Income Disclosure Laws: How Does S.C. Rank?
THERE IS NO COMPARISON. LITERALLY.
South Carolinians have become accustomed to seeing their state placed at or near the wrong side of a variety of national rankings. Early childhood education, SAT scores, domestic violence, per capita income, physical fitness, cardiac health – the state usually finds itself somewhere between 40 and 50 (and in at least one case 51 – a ranking in which Washington DC is ranked).

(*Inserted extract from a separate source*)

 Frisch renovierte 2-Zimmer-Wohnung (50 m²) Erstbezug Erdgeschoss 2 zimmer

One ranking, however, has received less attention than it should. Early this year, the governor’s Ethics Reform Commission released its report, and among other things pointed out that South Carolina is the only state in the nation that doesn’t require elected officials to disclose any private income. Indeed, the only partial exception to this rule in South Carolina is the Policy Council’s voluntary income source disclosure project, Conflict Watch.
State lawmakers are only required to report the income they make from government sources. What they make from private sources – including companies or industries that reap direct benefits from the bills they sponsor and promote – is not public knowledge. Nor is it anyone’s business (at least according to state law) whether a lawmaker will benefit financially from, say, a vote to put a major highway along a certain route.

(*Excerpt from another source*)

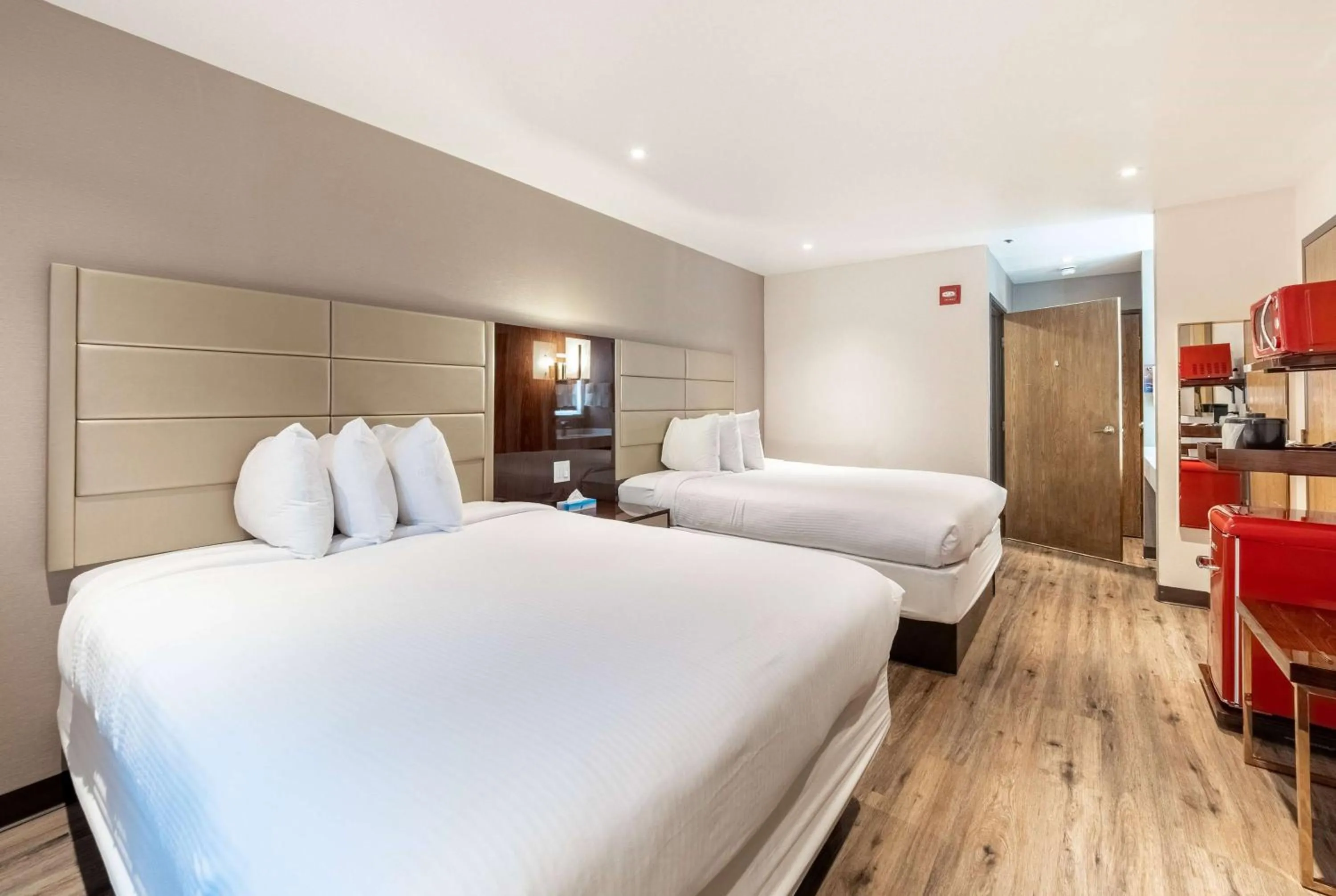 Photo of the whole room, Bed in Baymont by Wyndham Anderson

Granted: Officials in other states find ways to get around their disclosure laws, and some of those laws are weak. Still, South Carolina’s laws are indisputably the weakest. Consider our disclosure laws compared to those of other Southeastern states:
In Georgia, elected officials must disclose the name of the business from which they receive income if they own 5 percent of the firm or more (or have $5,000 invested in it, whichever is lowest).
In North Carolina, disclosure is required for any income over $5,000 in the last business year. Attorneys are required to disclose fees of more than $10,000 in the last business year, and to indicate whether they earned $10,000 or more from any one of a list of 14 categories of legal representation.
In Alabama, officials must disclose information on all employment in which they or their immediate family members spent at least one-third of their working time. They must also disclose the household income of all immediate family members, with information on sources of income; information on businesses in which they or their family member own at least 5 percent stock or are high-ranking employees. And they must disclose all property held by them, their spouses, and their dependents.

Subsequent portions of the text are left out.